Pat McNeil has served a total six years as a Sons of Confederate Veterans Commander for The James B. Gordon Camp. The group was rechartered from the 1920s and began meeting again in 1995 to talk about The Civil War. The group began with about 20 members.
The Sons of Confederate Veterans is a good avenue to study the war and learn from ancestors.
James McNeil was conscripted into the Confederate Army December 1864, at the age of 49. During those years, soldiers were drafted from ages 14-49 years old. He was married to Fannie Dula (cousin of Tom Dula) and had five children. James served as a guard to 10,000 Union prisoners at a camp in Salisbury, NC. When Fannie heard that her husband had become sick, she struck out, in the dead of winter, by horse and wagon to bring him home. He died on February 15,1865 and is buried in the McNeil family cemetery. There was a discrepancy between the military records and the family records, as to his place of death. The military records say he died in Salisbury and the family records say that he actually died at home. Pat suspected that Fannie had to tell someone that James was dead in order to have him released to her. It is hard to imagine that long, arduous trip home, by wagon in the dead of winter, while near death. Fannie had to bring along food for the horse as well as herself and James. There could have been any number of catastrophes along the route. At that time of year, supplies were low and hunger was a problem. There could have been encounters with the enemy. The wagon could have either broken or become stuck in the muddy roads. The horse might have broken a leg, etc ... Fannie was a brave and determined woman. This whole scenario could be compared to a trip across the states in a car that isn't road-worthy.
Pat's great grandfather, Jessie D. Hawkins, an Irish farmer in Caldwell County, actually joined the war. He didn't believe in government at all, and just wanted to be left alone. He thought the Confederate government would have been less government than the Union government. He joined the Confederate Army in Boone, NC and then was sent to Tennessee during the later part of 1861. He was captured in November of 1863 on Missionary Ridge (Chattanooga, TN). After he was captured, he was sent to a federal prison camp in Rock Island, Illinois. Once they were there the temperature dropped to 40 below zero. There were about 10,000 prisoners in that camp. Around 2,000 died from the extreme conditions of cold and disease. Jesse lost one lung and when the winter of 1864 rolled around, he was not sure he would survive in that prison. He was given a choice to serve in the Union Army as a frontier soldier or join the Union Navy. Either of these options placed him far enough away so there wouldn't be a chance that he might desert and return home. He chose frontier service and went to Nebraska Territory to not only fight in the Civil War, but also against Indians. He was trying to survive and just did what he had to do. He stayed there until the fall of September 1865 and then was transported by train to Statesville, NC. From there he walked home, about a fifty-mile trek. He went right back to farming and survived the war after being gone for another four years.
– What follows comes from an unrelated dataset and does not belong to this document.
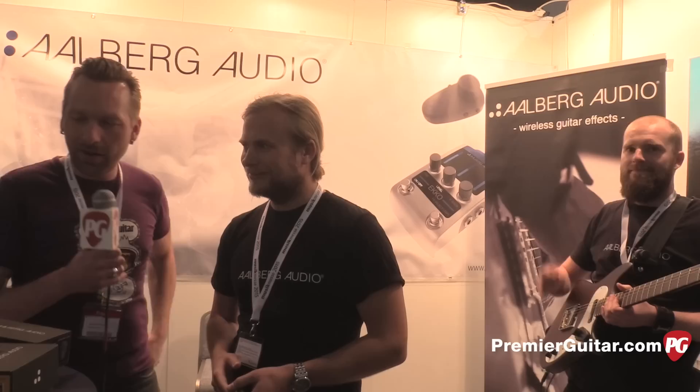Hey guys, I'm Sean Hammond with PremiereGuitar.com. We're at Music Messe 2015 in Frankfurt, Germany. I'm talking to Alexander from Allberg Audio. We've got Rune, inventor of this stuff. He's playing guitar.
Pat had four great uncles, 'the Barlow brothers,' who served in the Confederate Army. Two brothers, Thomas and Henry, joined the 26th regiment. Henry was wounded on the first day of fighting at Gettysburg and was furloughed to Wilkes County for recuperation. He later returned to the Confederate Army. His left arm was shot off at Cold Harbour (near Petersburg) in May 1864. After his arm was removed he was sent back to Wilkes County to recuperate, but died of blood poisoning on July 1 in 1864.
Thomas fought in a battle at New Bern, and later disappeared. He had gone into hiding around Ashe and Watauga counties, and later went to Knoxville to join the Union Army. Two other brothers, John and Larkin joined the 37th regiment and were killed in action. Larkin was killed on the battle of Hanover Courthouse, Virginia. John was wounded and captured there. He died later in prison camp.
Pat also shared stories from a series of letters by the Proffit brothers, written over 150 years ago and housed now in Raleigh's archival collection. The men fighting were very sensitive about family and often asked how the mules were doing. One story talked about George Stoneman a Union Calvary General who came and took the mules. The women at home had a hard time and some said "we need you worse than they do."